**Supplied data**
────
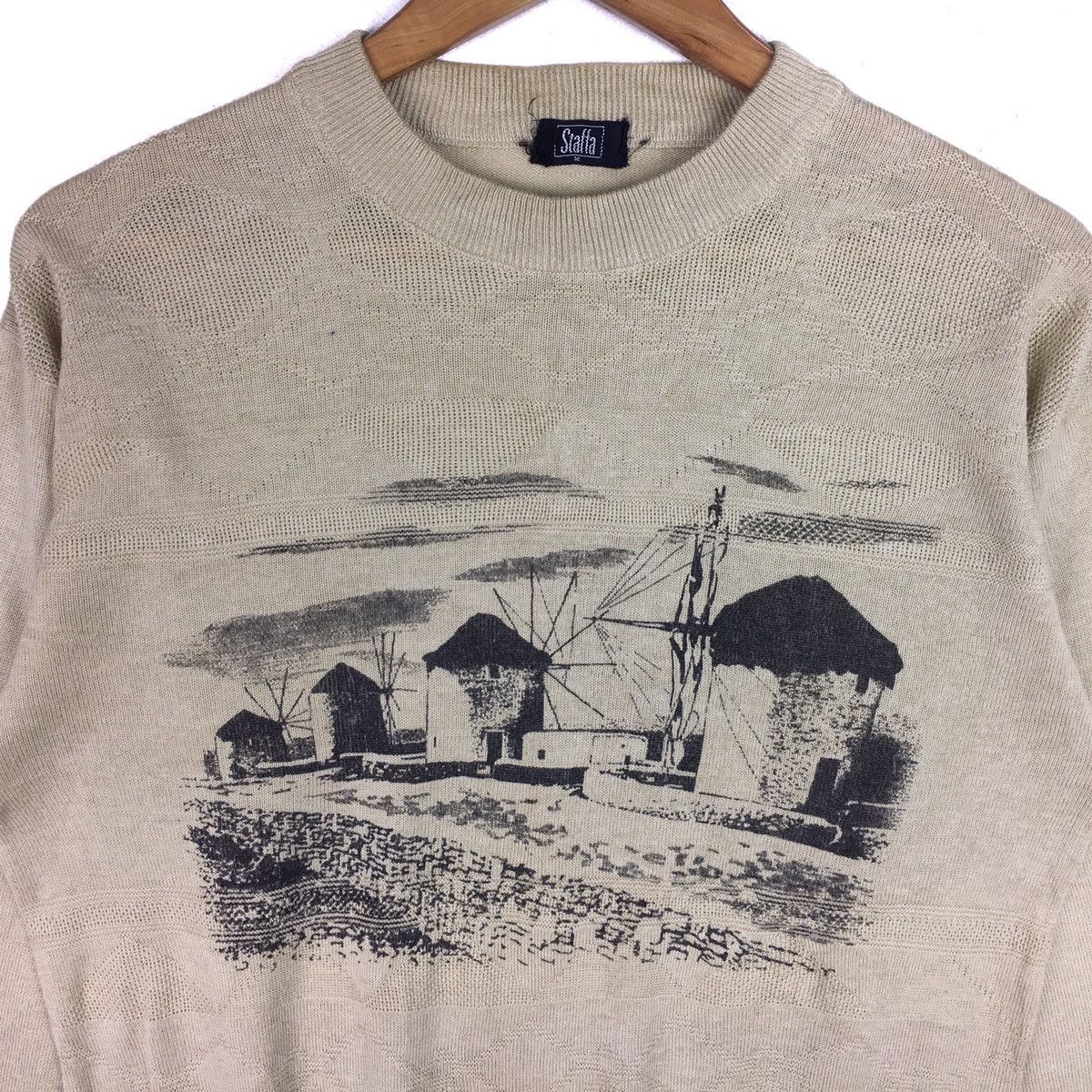 Vintage Vintage STAFFA Knitwear Nice Design Wind Turbine Farm Logo Size US M / EU 48-50 / 2 - 2 Thumbnail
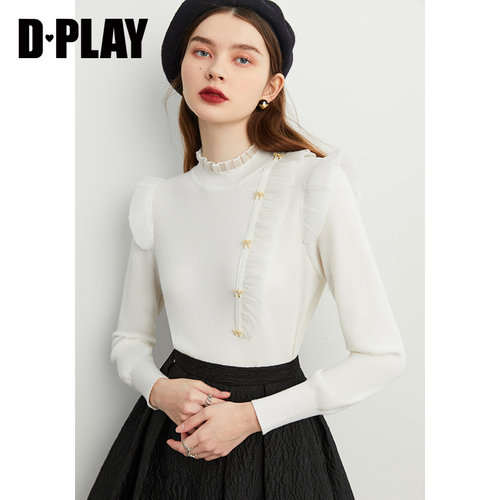 甜美针织打底衫DPLAY立领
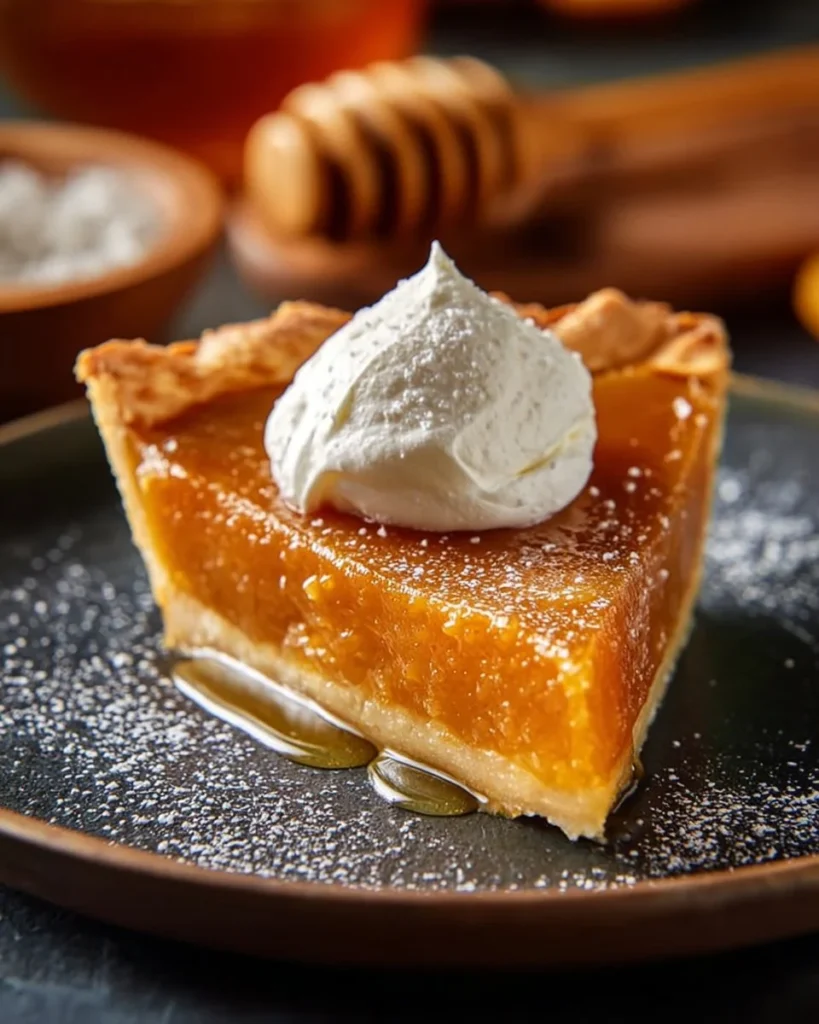 Delicious salted honey pie served with a drizzle of honey on top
────
**Your instructions**
Line by line and exactly, reproduce the span from the line with "甜美针织打底衫DPLAY立领" through the end of the data above, both ends included, with pictures left out.

**Exercise solution**
 甜美针织打底衫DPLAY立领
 Delicious salted honey pie served with a drizzle of honey on top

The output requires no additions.